There is a Russian joke of the post-Soviet era, when awful truths of recent national history were revealed: Russia is a country with an unpredictable past. Now I can add that it is also a country with an unexpected present. This idea inevitably occurs to anyone who, for instance, gets to know some of the facts and figures related to documentary production in our country.

In the last decade more than 500 docs were made in Russia annually. This exuberant production flow is divided into two spill streams, and it is no exaggeration to say that they almost never cross each other. Approximately half of annual docs production is comprised of docs made by and for federal (Russia-wide) TV channels. The documentaries that comprise the second half are, in a manner of speaking, commissioned, but really just supported, by the state.

Russian TV docs are not a disputable question. They cover the same topics as tabloids, are focused on scoops and have just one purpose – to earn money through commercials, made by professionals hired by the TV-channels which never make any other type of films. This is the nature of Russian TV; it’s aimed mostly at profit-making due to the special – and utterly feudal – design of the relationship between the heads of the channels and state power. The heads of the federal channels are appointed by the ruling circles and must carry out political propaganda. But having executed this political villein-socage, they are free to earn money for themselves in practically any way deemed acceptable by criminal law. That’s why TV-docs are just another form of leverage to make the heads – or, to be frank, the owners – of the TV channels rich. So it doesn’t make any sense to discuss the quality of these docs – since their aim is neither artistic nor informative.

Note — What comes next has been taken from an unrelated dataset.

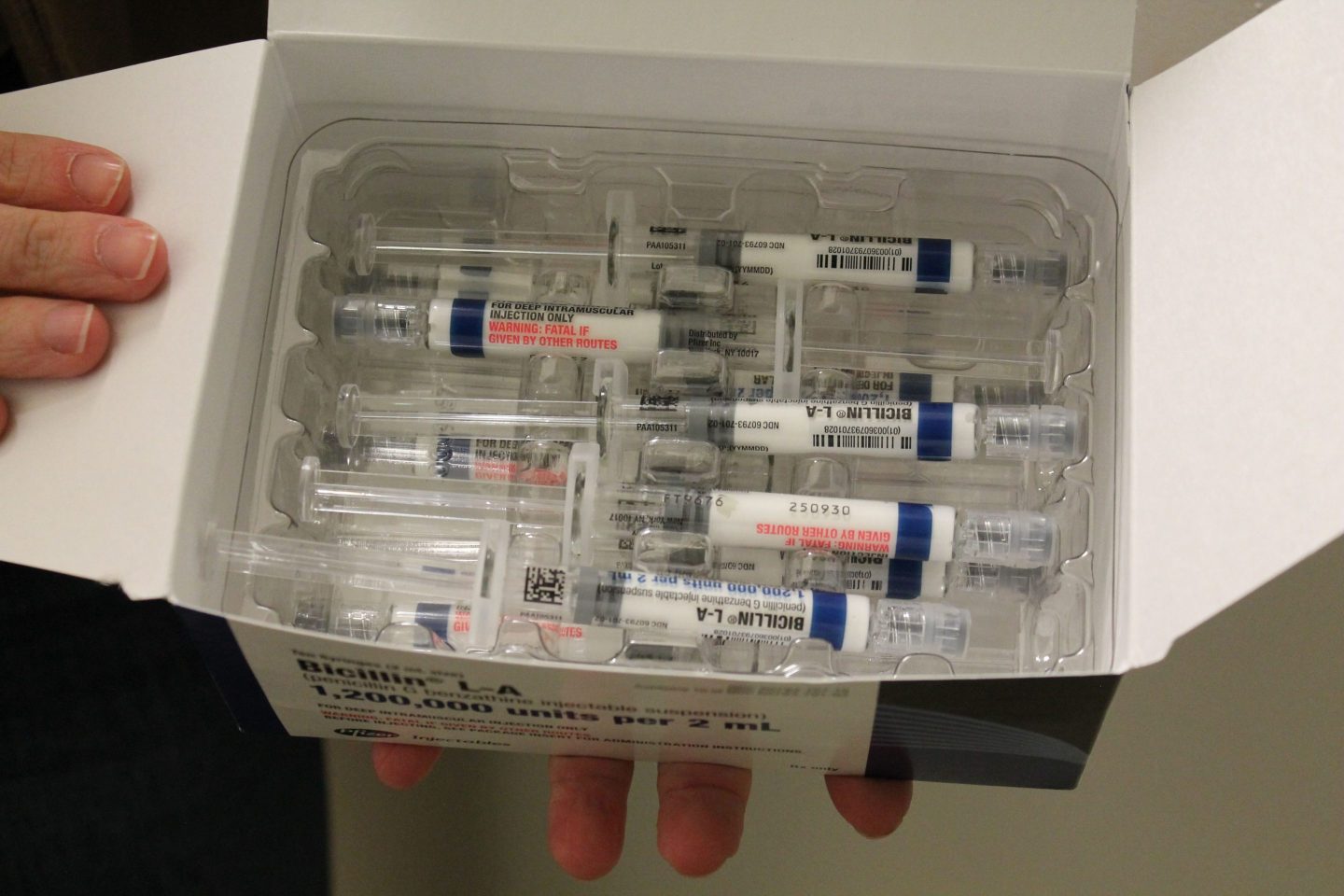 Vials of injectable penicillin in cold storage at the Metro Public Health Department in Nashville, Tenn. Injectable penicillin is the go-to treatment for syphilis and the only treatment considered safe for pregnant people with the disease. In mid-2023, the health department began rationing the injectable to just pregnant women because of a nationwide antibiotic shortage. Patients who test positive for syphilis and are not pregnant are given an oral antibiotic instead.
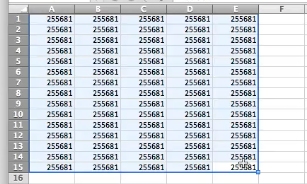 Select the cells to format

Artistic ambition and creative search is supposed to be concentrated in the second spill stream of Russian documentary making – the docs made with the financial support of the state (granted through the Ministry of Culture of the Russian Federation). These films are meant to perform artistic functions, and are made by people struggling to consider themselves artists and not just workers on the commercial conveyor belt. And at this point one faces the biggest secret.

Russia is a country with an unpredictable past

Every year more than 200 documentary films are made in Russia with support from the state. This means that the studios get their funding solely from the state budget. The state’s aims with these productions are diverse: to create visual chronicles of the country, to support docs as an art form, to develop the film tradition, and even to employ the professionals involved. This approach is definitely paternalistic from the state’s side and was inherited from the USSR, but this approach allowed docs to survive in a new economic situation.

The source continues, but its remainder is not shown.